Charlie Hebdo cartoon of Meghan Markle and Queen furious

The cover photo came days after Meghan and her husband Harry made a series of damning accusations against the royal family in an interview with Oprah Winfrey – including the fact that the skin color of the couple’s child, Archie, was discussed as a possible issue. before he was born.

The couple did not disclose who made the remarks, but said it was not Queen Elizabeth II or her husband, Philip, the Duke of Edinburgh. In the interview, Meghan also described that she regularly had suicidal thoughts during her pregnancy and a short time as a working royal, and the couple said that the palace offered Meghan and Archie insufficient security and protection.

The cartoon was published on Saturday.

The cartoon, published on Saturday, is titled “WHY MEGHAN STOP BUCKINGHAM”, with Meghan saying, “Because I could no longer breathe!”

Meghan's interview made a settlement of race in British media.  Will anything change?

Halima Begum, CEO of the think tank of the race, Runnymede Trust, said the cartoon is wrong on every level.

“The queen as GeorgeFloyd’s killer who crushes Meghan’s neck? Meghan says she can not breathe? It does not push boundaries, makes no one laugh or challenges racism. It humiliates the issues and causes offense across the board,” she said. Twitter.
Meghan and Harry’s interview sparked wide-ranging conversations about racism in the royal family and in the country’s media.
Prince William denied this week that the royal family is racist and told a reporter: “We are very much not a racist family.”
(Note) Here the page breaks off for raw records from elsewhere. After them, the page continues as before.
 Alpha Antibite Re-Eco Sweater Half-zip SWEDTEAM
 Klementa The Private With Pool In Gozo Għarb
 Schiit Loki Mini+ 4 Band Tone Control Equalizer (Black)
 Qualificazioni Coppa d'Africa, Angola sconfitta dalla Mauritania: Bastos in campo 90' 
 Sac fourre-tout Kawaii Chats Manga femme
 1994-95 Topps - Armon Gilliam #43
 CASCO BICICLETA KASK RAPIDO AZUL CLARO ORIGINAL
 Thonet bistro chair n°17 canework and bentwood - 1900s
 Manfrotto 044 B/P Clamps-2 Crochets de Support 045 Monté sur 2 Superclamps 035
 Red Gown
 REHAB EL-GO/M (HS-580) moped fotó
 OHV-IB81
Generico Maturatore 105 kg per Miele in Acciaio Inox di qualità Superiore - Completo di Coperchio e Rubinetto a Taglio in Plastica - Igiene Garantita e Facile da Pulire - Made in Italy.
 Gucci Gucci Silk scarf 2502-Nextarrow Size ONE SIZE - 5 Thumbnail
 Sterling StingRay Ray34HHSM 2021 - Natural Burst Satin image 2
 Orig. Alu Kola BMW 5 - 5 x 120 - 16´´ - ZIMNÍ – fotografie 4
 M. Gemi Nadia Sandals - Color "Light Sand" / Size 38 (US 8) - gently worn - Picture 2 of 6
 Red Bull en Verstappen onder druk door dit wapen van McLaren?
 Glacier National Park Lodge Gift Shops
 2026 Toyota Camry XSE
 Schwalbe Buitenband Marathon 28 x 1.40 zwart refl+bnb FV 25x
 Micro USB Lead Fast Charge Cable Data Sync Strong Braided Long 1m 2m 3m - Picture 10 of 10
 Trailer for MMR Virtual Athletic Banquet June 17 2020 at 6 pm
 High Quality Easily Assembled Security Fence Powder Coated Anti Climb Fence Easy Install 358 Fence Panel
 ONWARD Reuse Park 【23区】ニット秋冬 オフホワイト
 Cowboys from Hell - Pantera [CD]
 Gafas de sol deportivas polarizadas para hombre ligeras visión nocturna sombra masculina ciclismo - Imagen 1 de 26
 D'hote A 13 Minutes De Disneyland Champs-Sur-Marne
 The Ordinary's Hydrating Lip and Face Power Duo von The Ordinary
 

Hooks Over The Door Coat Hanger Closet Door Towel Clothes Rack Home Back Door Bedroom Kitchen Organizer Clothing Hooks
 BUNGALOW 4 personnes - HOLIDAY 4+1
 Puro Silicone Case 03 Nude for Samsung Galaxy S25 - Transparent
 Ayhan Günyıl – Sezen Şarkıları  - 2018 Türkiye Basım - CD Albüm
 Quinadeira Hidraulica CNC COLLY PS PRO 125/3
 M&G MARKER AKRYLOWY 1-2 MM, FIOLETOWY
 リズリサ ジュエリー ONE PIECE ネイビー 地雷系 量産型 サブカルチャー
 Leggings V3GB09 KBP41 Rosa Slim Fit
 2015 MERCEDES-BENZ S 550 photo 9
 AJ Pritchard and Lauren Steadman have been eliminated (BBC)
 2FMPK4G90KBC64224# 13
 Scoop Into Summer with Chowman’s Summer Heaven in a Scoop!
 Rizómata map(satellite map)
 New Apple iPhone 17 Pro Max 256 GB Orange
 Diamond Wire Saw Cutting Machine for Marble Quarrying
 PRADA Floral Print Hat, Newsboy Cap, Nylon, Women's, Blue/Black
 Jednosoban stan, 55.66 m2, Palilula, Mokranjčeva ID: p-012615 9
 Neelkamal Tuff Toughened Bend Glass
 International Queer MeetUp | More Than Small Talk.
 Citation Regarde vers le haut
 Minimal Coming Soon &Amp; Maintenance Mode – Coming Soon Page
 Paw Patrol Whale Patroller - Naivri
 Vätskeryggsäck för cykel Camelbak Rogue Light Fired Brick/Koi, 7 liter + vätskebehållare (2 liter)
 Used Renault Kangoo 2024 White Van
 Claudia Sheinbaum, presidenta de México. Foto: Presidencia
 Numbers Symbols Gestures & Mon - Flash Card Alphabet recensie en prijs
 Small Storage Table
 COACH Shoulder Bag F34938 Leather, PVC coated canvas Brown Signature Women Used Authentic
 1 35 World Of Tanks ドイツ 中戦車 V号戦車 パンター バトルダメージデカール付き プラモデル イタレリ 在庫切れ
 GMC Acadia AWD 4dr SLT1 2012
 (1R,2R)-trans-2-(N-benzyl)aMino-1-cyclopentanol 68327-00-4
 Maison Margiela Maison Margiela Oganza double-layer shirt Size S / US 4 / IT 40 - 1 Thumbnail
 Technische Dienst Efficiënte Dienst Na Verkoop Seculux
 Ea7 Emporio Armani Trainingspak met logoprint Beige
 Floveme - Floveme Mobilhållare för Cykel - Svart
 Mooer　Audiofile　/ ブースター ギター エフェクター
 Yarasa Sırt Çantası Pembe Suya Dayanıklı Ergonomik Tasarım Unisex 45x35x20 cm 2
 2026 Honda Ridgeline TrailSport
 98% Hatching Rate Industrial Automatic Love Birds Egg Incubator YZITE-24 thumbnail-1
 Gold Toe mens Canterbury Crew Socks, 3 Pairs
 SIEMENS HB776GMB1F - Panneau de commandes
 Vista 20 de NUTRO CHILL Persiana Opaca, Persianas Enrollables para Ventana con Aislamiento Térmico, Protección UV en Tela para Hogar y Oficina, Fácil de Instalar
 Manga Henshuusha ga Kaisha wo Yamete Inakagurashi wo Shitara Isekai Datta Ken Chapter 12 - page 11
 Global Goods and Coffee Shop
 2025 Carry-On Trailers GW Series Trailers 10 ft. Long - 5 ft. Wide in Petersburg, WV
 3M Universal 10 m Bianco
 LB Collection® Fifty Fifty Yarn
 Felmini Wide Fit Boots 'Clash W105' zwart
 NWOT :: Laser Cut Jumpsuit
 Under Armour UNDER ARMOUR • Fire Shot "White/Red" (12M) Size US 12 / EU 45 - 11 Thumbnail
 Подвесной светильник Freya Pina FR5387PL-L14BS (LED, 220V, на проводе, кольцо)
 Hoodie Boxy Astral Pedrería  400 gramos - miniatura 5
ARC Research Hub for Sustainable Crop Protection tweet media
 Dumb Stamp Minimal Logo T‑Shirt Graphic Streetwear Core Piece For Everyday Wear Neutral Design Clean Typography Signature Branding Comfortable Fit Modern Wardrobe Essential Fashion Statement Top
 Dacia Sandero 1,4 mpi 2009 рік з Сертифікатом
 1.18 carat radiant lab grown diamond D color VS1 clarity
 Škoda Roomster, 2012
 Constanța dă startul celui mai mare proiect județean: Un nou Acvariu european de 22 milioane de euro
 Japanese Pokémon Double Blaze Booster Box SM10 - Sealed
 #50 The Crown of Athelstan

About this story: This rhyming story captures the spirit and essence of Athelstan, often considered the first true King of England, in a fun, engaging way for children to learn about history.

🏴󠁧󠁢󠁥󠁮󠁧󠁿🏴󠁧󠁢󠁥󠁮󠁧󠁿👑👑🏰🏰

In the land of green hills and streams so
In a statement on behalf of the Queen, Buckingham Palace said on Tuesday that the Sussex allegations about racism were being made and were “taken very seriously”.

Buckingham Palace and representatives of the Duke and Duchess of Sussex declined to comment on the Charlie Hebdo cartoon.

The weekly publication in Paris, founded in 1970, is known for its provocative cartoons and removals of politicians, public figures and religious symbols.

In 2015, brothers Said and Cherif Kouachi burst into the magazine’s newsroom and shot dead staff members, killing 12 people and wounding 11 after the magazine published cartoons of the Prophet Mohammed.

The attack on the magazine was part of a series of deadly attacks in which 17 people were killed in January 2015 in the French capital for three days.